Sometimes I was still sure Oliver was playing with me, but usually I had my doubts. The third summer we were there, late at night, when it was very, very quiet, I began to hear a man and a woman speaking so faintly that I could hear their voices, but not understand a word that they said. It always sounded like it was coming from the front of the house, but when I went out there they would stop talking. After a while I started hearing them in the garden as well.

I mentioned it to Oliver one night. “I think I’m going mad in my old age,” I told him.

“You’re not going mad, “He looked at me very seriously, “If I told you, you won’t believe me.”

“You hear them, too?”

“It’s the Lord and the Lady of the Wood,” He mumbled as he shook his fringe out of his eyes. “They’re having a baby.”

“A baby?”

“Aye. A wee baby. They call it their boon. They have loads of them, but they get very excited every time a new one comes along.”

I took a second to consider this before I dismissed the possibility out of hand, “Who are the Lord and the Lady? Ghosts?”

“No, they’re not ghosts. They’re faerie folk. Elves. I don’t know much about them other than they live here in the wood. They have forever-like. They knew my Grandparents and theirs before them and so on.” He seemed a bit tired as he flipped the page of a textbook, “Don’t look at me like that, Sil! I’m not mad! I’ve known them my whole life. I’m actually surprised that you can hear them. Not everybody does. My parents never have. I hear them like you do mostly and can’t make anything out they say, but they’ve spoken to me twice since Grandpaddy gave me the shard.”

“The what?”

“The shard. It’s a little piece of wood, longer and thicker than a sliver. Grandpaddy’s Grandpaddy gave it to Grandpaddy when he was a boy to keep. One day he gave it to me.”

“Why?”

“Because the Lord told him to. Or so he said. Nana gave me something else, too.”

“What?”

“That ring you’re wearing.”

“My wedding ring?”

He nodded, “There’s a story behind it. The Lady gave it to Nana and told her to keep it for her grandson, the Boy from the Olive Tree, whose love would have hair the colour of autumn flames and eyes like blue ice.” He twisted his bottom lip, “When my parents called me Oliver, she figured the Lady must have meant me. Just before they died she gave it to me and told me the story.”

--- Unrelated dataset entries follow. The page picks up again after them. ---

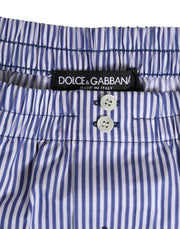 Dolce & Gabbana Blue White Cotton Striped Button Fly Shorts Swimwear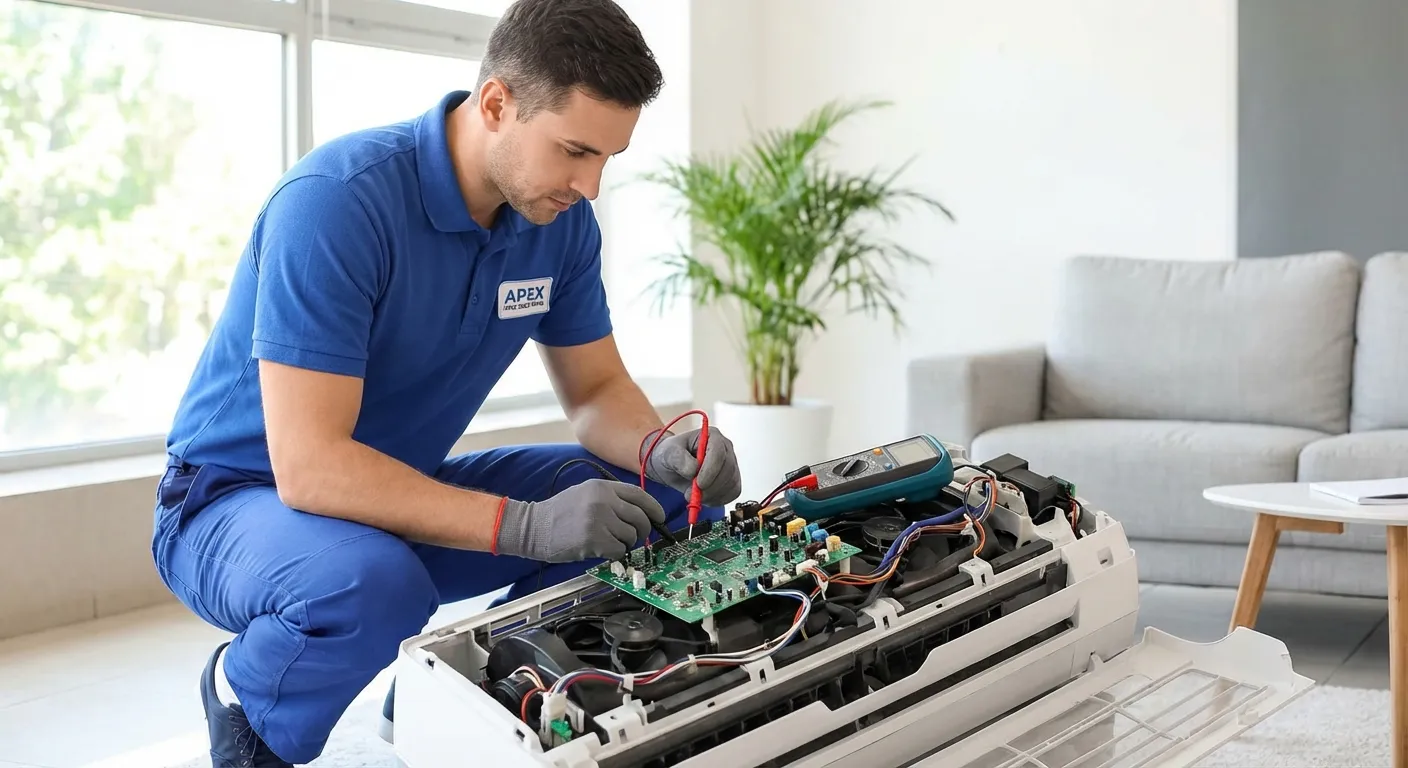 Kỹ thuật viên Điện nước Thành Công đang kiểm tra bo mạch và sửa máy điều hòa tại nhà khách hàng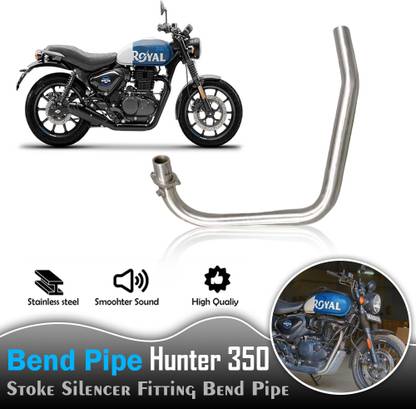 ASRYD Motorcycle Full Bend Pipe Stock For Royal Enfield Hunter 350 Bend Pipe Stock Royal Enfield NA Slip-on Exhaust System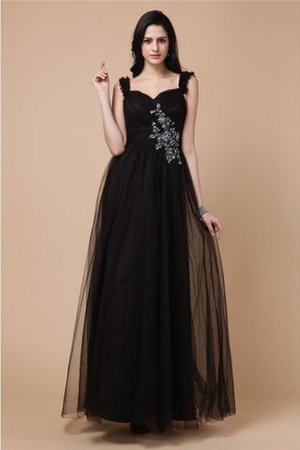 A Linie Perlenbesetztes Prinzessin Ballkleid mit breiter Träger ohne Ärmeln - Bild 1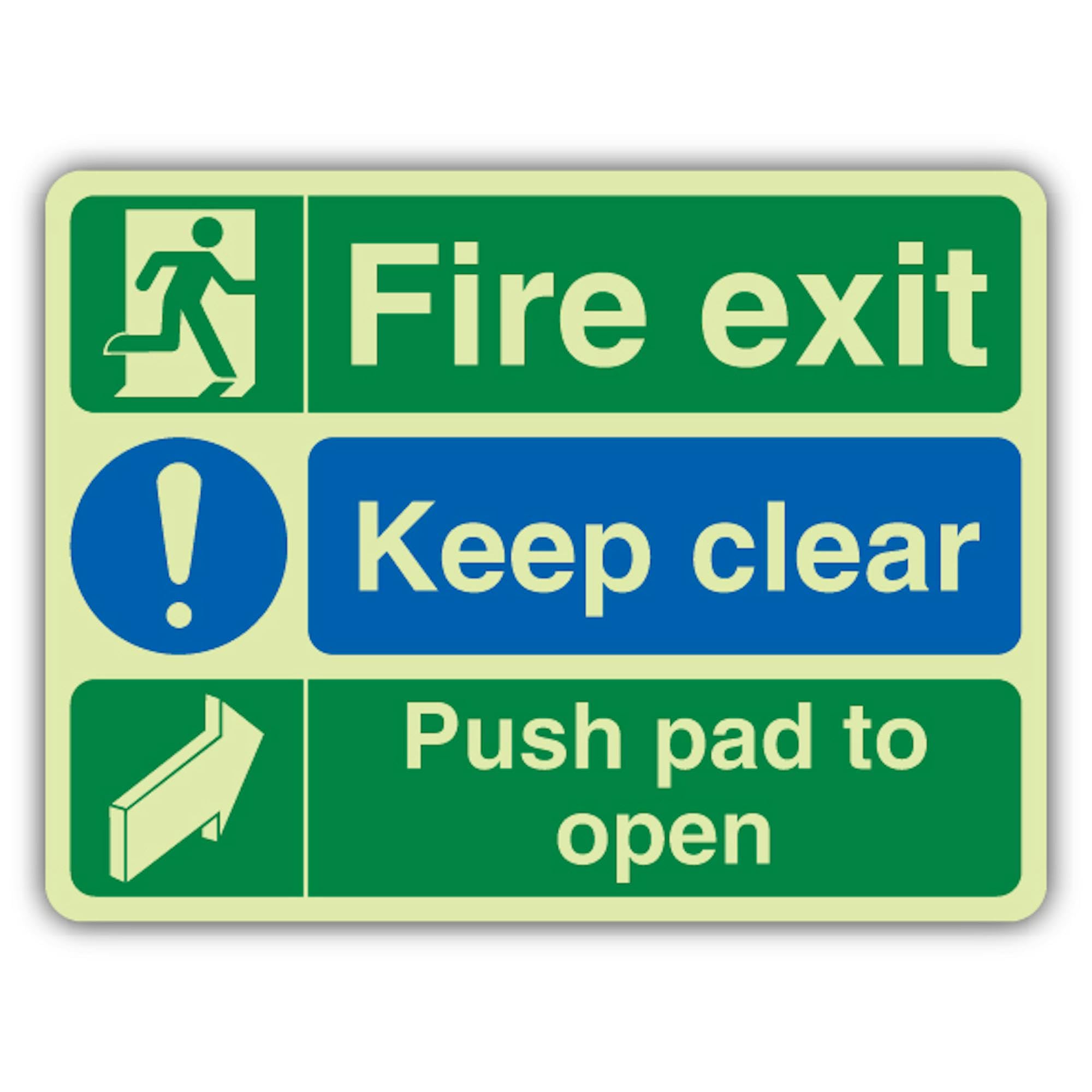 V Safety - Señal de salida de incendios que brilla en la oscuridad - Keep Clear - Push Pad To Open - 600 x 450 mm - Hecho de vinilo autoadhesivo de doble brillo - Señalización de seguridad contra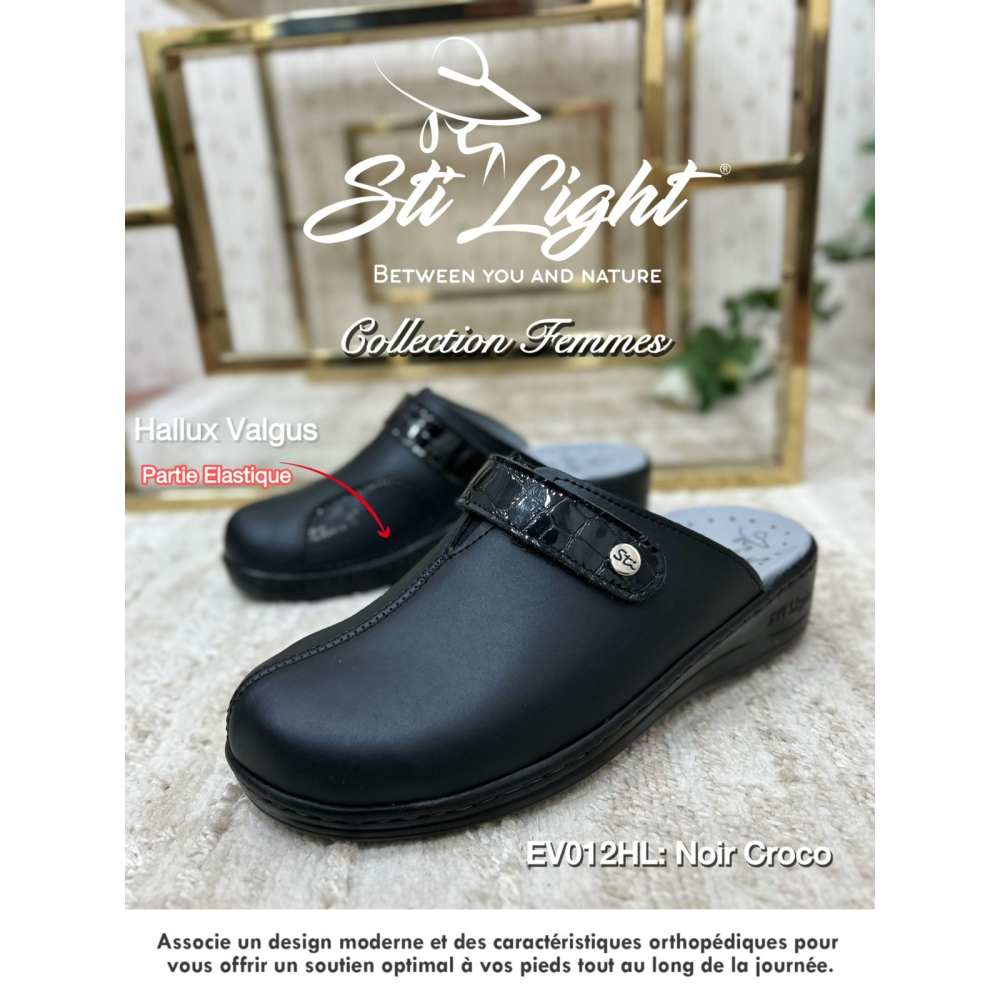 STI Sabot orthopédique - femme - Noir CROCO hallux valgus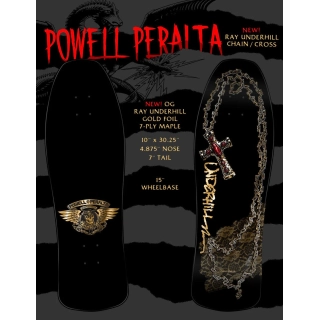 PRÓXIMAMENTE- Powell peralta Skateboard Ray Underhill Chain & Cross Reissue 9.9"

It was an emerald ring set high in an odd design and very old. It was a beautiful ring and probably quite expensive.

“You were very young, weren’t you?”

“Oh, aye, I was just a kid. Mind there was something in the way she explained it that made me know it was a treasure, so I put the ring up and kept it safe until I gave it to you.” He looked at me a long time, “I knew it was you the ring was meant for as soon as I laid my eyes on you. Hair the colour of autumn flames and eyes like blue ice. Nana told me the Lady had said that, those words exaxtly. Plus the second you said you were Just Silvia Cotton I knew for certain I was hopelessly in love with you.”

We smiled at each other, remembering that moment.

“What did the Lord and the Lady tell you when they spoke?”

Oliver sighed. He looked at me for a long time before he spoke, obviously deciding what information he was going to share, “The first time they told me that they’d chosen me to protect the wood. They asked me if I’d honour the promise of my forefathers and keep it safe for them and the creatures that live here. I said yes.”

“And the second time?”

“What they told me they said you wouldn’t understand until you were ready. They told me not to tell you because you have to understand it in your own time.”